- **Task instructions**:
Starting at the first line of the data, print each line verbatim up to and including the line bearing "Barreau coudé forgé", omitting pictures.

- **Entries provided**:
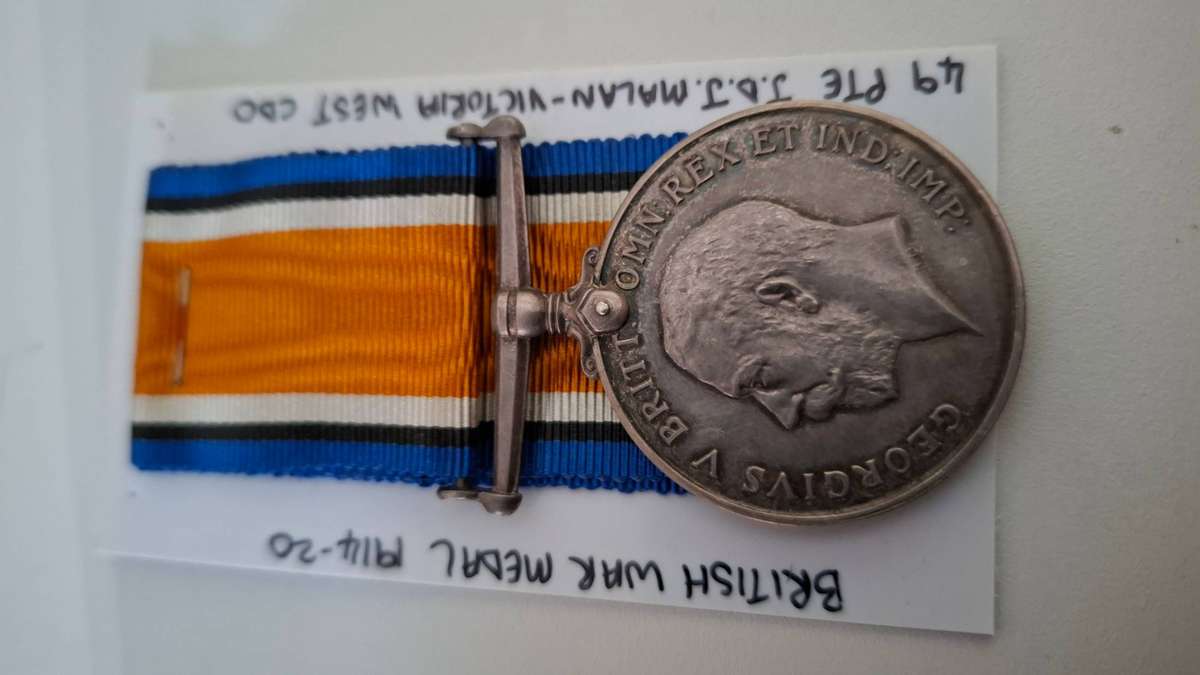 Silver WW 1 British War Medal 1914-20 Awarded to PTE J.D.J Malan-Victoria West CDO in Good Condition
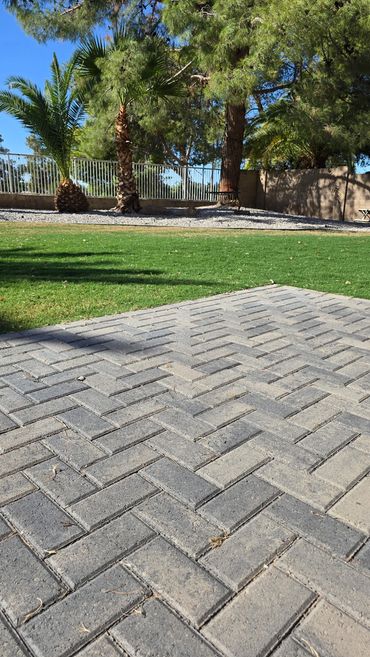 backyard landscape with pavers and turf in Arizona 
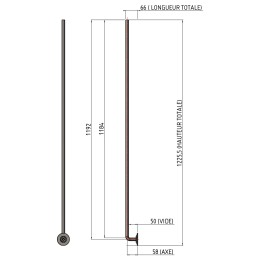 Barreau coudé forgé 1200 mm Rond 16 avec Platine P37N-12 - Ref RL16C2-P37N-12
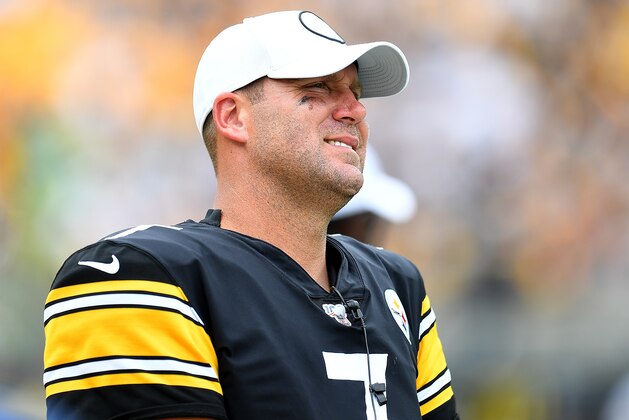 PITTSBURGH, PA - SEPTEMBER 15:  Ben Roethlisberger #7 of the Pittsburgh Steelers looks on during the fourth quarter after being injured against the Seattle Seahawks at Heinz Field on September 15, 2019 in Pittsburgh, Pennsylvania. (Photo by Joe Sargent/Getty Images)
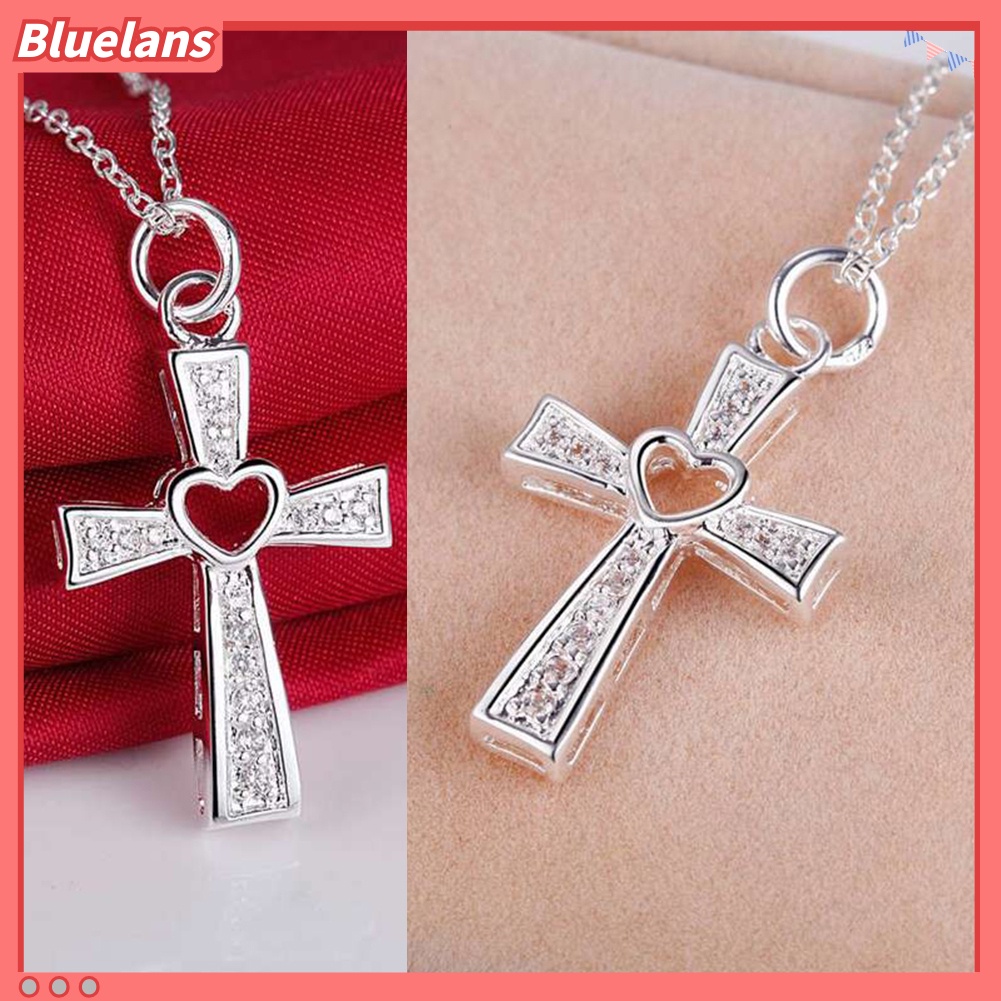 Bluelans Women Men Fashion Cross Necklace Hollow Heart Cocktail Party Wedding Jewelry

- **Solution below**:
 Silver WW 1 British War Medal 1914-20 Awarded to PTE J.D.J Malan-Victoria West CDO in Good Condition
 backyard landscape with pavers and turf in Arizona 
 Barreau coudé forgé 1200 mm Rond 16 avec Platine P37N-12 - Ref RL16C2-P37N-12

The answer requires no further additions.